L'Institut Le Philanthrope

Probablement encouragé par ses convictions religieuses ou bien influencé par les modèles de son enfance que sont Benjamin Franklin et Jean-Jacques Rousseau, c'est en bonne partie pour son activité philanthropique que Benjamin Delessert est resté connu.
De même que certaines personnalités de l'époque telles que de La Rochefoucault-Liancourt, Mathieu de Montmorency ou bien Dupont de Nemours, la famille Delessert fait partie de ces grandes familles qui dépensaient dans les institutions de bienfaisance ce qu'elles gagnaient par le commerce.

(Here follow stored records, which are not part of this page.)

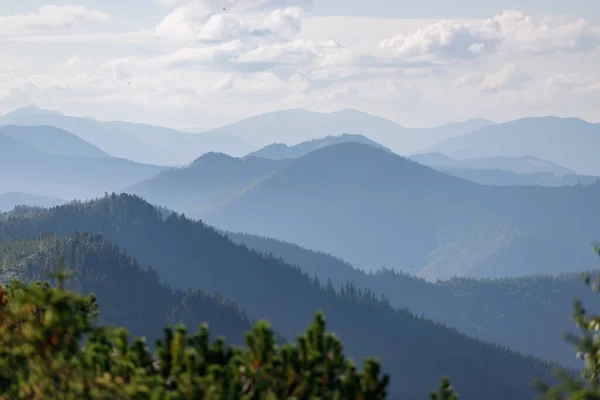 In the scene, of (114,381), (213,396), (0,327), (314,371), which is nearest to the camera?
(213,396)

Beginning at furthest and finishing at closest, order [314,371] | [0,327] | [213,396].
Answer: [0,327] < [314,371] < [213,396]

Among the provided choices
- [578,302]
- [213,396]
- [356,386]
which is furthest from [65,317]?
[578,302]

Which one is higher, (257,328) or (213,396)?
(257,328)

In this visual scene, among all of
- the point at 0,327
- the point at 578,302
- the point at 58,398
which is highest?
the point at 578,302

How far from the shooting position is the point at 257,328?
24609 mm

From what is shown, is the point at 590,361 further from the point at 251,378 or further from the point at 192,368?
the point at 192,368

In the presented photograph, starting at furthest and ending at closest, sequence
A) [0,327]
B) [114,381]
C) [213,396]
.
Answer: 1. [0,327]
2. [114,381]
3. [213,396]

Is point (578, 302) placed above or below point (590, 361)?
above

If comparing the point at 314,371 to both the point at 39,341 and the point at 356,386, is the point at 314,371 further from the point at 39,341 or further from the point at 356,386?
the point at 39,341

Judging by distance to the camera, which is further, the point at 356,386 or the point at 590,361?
the point at 590,361

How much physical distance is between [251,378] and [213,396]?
271 cm

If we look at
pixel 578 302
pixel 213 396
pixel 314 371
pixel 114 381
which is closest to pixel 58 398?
pixel 114 381

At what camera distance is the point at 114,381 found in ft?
77.3

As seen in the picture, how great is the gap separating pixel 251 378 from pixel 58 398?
589 cm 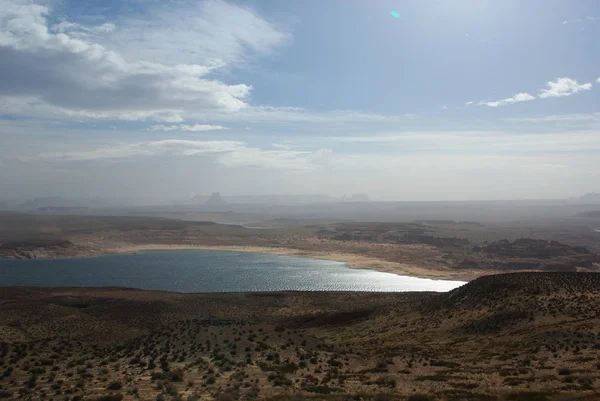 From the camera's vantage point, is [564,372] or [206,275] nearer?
[564,372]

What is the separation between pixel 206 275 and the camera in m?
80.4

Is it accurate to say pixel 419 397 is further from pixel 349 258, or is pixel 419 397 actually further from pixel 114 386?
pixel 349 258

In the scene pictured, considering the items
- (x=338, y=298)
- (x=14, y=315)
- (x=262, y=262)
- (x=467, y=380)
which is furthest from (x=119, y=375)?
(x=262, y=262)

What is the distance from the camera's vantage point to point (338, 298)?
52.1 meters

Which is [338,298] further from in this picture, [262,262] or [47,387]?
[262,262]

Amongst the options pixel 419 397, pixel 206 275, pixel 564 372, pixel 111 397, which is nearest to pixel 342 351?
pixel 419 397

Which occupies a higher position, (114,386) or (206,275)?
(114,386)

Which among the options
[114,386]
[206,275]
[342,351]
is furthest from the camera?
[206,275]

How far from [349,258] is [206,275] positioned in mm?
39105

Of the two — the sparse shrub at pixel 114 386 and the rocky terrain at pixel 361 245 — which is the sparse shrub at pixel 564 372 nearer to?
the sparse shrub at pixel 114 386

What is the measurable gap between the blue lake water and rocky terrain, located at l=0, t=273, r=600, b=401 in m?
26.9

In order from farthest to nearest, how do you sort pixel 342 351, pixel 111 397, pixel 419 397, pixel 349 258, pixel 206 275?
pixel 349 258, pixel 206 275, pixel 342 351, pixel 111 397, pixel 419 397

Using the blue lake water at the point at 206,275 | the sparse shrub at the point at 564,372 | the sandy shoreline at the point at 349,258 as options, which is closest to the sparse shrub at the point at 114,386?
the sparse shrub at the point at 564,372

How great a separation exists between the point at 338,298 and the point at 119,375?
35.3 m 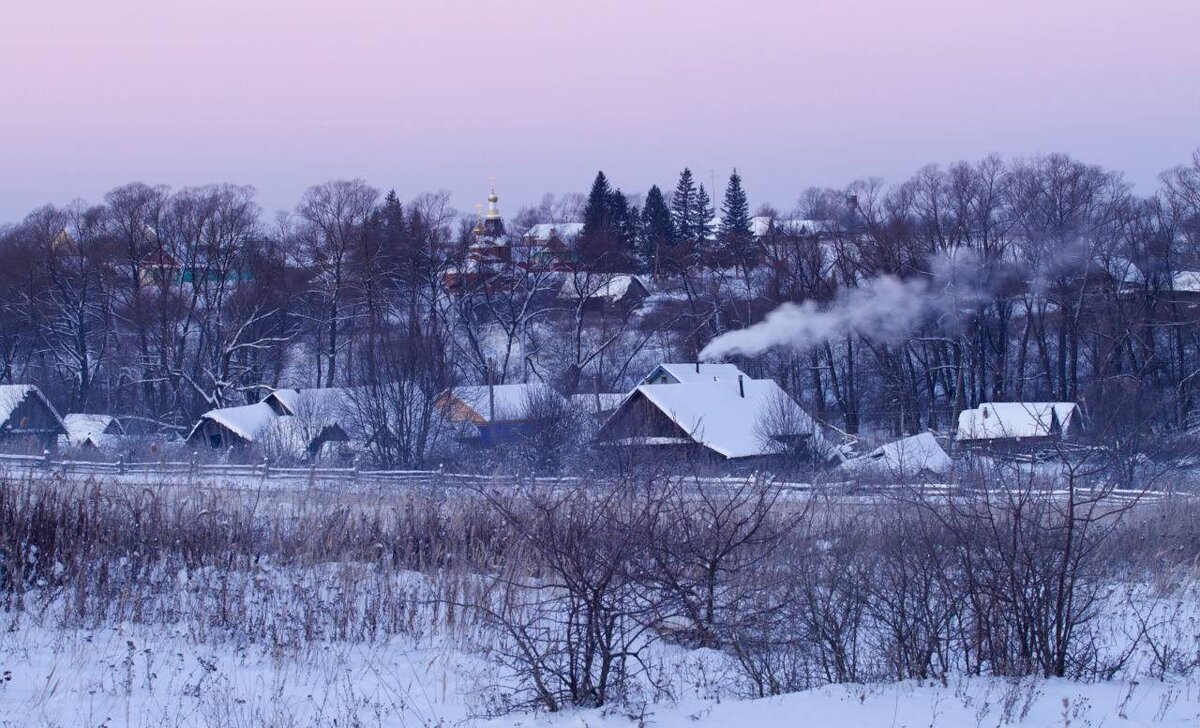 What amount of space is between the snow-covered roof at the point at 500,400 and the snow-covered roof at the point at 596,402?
1157mm

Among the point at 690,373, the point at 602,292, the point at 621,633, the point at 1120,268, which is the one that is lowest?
the point at 621,633

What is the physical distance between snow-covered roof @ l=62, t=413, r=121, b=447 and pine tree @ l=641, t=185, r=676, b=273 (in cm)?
3265

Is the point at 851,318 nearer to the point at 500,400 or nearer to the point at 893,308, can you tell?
the point at 893,308

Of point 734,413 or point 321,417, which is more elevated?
point 321,417

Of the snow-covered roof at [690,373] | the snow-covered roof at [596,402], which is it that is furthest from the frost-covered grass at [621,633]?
the snow-covered roof at [690,373]

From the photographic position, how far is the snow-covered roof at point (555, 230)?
59.0m

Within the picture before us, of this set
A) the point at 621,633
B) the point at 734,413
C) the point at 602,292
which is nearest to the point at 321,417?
the point at 734,413

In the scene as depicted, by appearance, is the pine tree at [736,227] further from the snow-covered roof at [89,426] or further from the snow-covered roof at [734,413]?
the snow-covered roof at [89,426]

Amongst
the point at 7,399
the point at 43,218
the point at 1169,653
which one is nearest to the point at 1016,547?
the point at 1169,653

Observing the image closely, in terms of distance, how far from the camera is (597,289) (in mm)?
56156

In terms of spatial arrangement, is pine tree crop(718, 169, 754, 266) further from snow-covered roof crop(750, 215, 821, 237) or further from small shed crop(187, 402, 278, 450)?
small shed crop(187, 402, 278, 450)

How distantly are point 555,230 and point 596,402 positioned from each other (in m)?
19.3

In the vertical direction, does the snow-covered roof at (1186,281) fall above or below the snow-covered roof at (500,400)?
above

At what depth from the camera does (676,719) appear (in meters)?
6.82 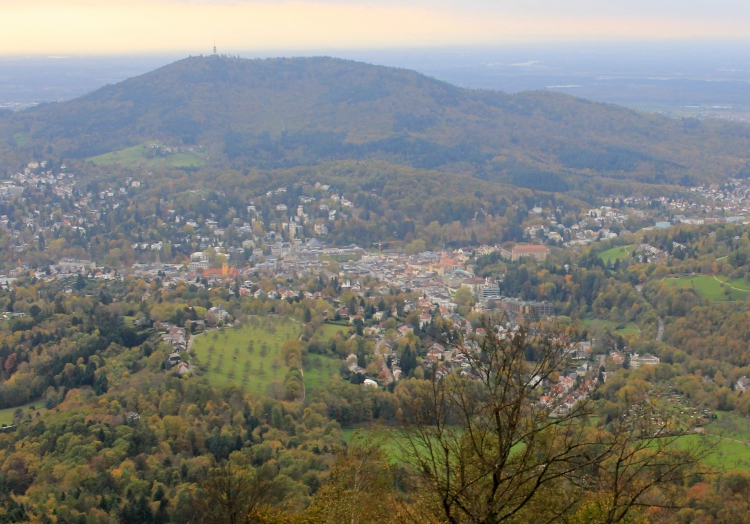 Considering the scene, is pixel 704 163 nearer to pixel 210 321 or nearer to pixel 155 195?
pixel 155 195

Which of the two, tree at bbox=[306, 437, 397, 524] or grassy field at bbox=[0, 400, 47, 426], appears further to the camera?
grassy field at bbox=[0, 400, 47, 426]

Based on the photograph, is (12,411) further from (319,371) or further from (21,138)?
(21,138)

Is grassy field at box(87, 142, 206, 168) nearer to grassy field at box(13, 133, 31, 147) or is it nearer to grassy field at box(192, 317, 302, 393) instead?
grassy field at box(13, 133, 31, 147)

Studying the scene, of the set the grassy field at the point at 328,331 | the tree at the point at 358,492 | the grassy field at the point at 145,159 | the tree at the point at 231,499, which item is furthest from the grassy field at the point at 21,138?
the tree at the point at 358,492

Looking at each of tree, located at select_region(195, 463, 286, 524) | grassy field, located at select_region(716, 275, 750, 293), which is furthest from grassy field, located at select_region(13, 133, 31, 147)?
tree, located at select_region(195, 463, 286, 524)

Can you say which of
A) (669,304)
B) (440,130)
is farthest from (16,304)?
(440,130)

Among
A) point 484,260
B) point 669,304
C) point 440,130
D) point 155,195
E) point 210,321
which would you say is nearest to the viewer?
point 210,321
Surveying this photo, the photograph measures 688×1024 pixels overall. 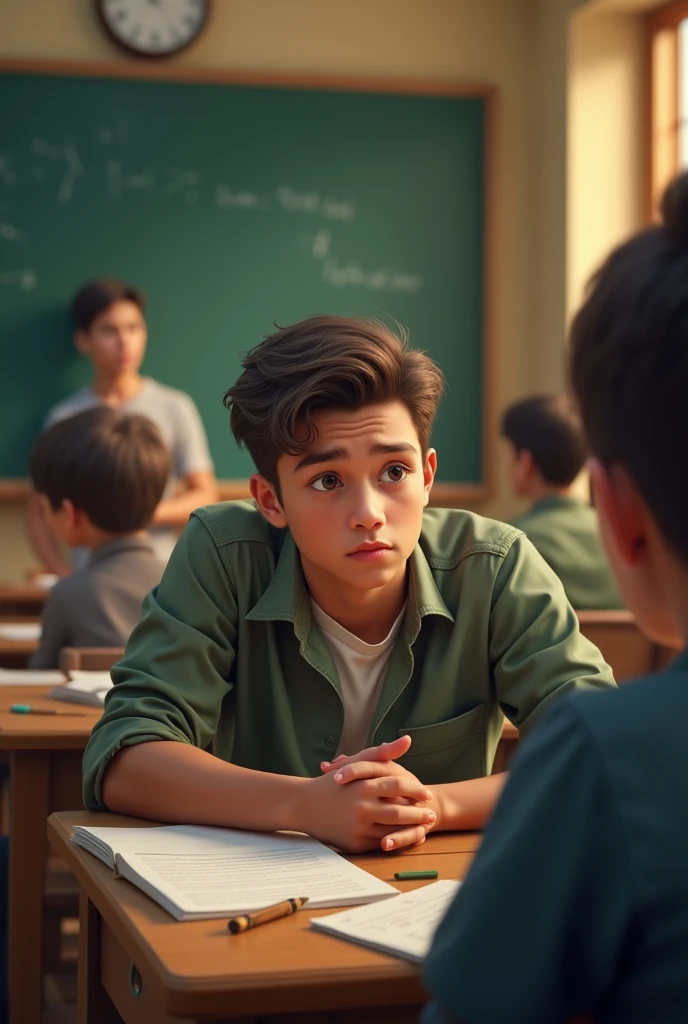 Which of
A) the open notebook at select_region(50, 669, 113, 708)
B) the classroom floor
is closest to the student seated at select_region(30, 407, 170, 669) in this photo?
the open notebook at select_region(50, 669, 113, 708)

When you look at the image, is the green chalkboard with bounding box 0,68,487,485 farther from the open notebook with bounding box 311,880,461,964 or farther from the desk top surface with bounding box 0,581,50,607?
the open notebook with bounding box 311,880,461,964

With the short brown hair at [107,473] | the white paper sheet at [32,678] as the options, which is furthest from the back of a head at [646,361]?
the short brown hair at [107,473]

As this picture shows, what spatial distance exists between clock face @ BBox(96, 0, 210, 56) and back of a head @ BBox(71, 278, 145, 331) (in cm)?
96

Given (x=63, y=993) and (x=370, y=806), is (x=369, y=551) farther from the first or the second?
(x=63, y=993)

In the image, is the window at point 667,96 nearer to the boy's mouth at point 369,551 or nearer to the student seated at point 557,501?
the student seated at point 557,501

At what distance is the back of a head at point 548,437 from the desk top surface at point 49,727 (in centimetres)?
199

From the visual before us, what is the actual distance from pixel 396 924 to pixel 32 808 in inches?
41.4

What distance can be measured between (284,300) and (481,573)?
370 centimetres

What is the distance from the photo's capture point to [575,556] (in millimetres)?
3363

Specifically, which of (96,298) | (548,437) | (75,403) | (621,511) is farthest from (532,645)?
(96,298)

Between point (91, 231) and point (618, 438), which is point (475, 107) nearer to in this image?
point (91, 231)

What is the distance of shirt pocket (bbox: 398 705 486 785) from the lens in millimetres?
1573

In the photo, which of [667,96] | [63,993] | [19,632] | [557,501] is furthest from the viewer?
[667,96]

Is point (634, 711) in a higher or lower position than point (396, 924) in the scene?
higher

Face aux difficultés des industriels et devant la misère des ouvriers, il s'est en effet inquiété des problèmes sociaux ; il participe ainsi en 1801 à deux fondations charitables :

  • Avec de Candolle, ils fondent la Société d'Encouragement pour l'Industrie. Laquelle proposait des fournitures aux jeunes manufactures, pouvait aider les industriels en détresse par des avances et visait surtout à encourager les perfectionnements de fabrication par des prix généreux.
  • Toujours en compagnie de son ami, il crée la Société Philanthropique regroupant les sociétés de secours mutuel organisées par les ouvriers et les soupes populaires pour lesquelles il fait venir et fabriquer à ses frais la machine de Rumford. Le nombre des rations alimentaires passent alors de 20 000 à 1 500 000 en trois ans.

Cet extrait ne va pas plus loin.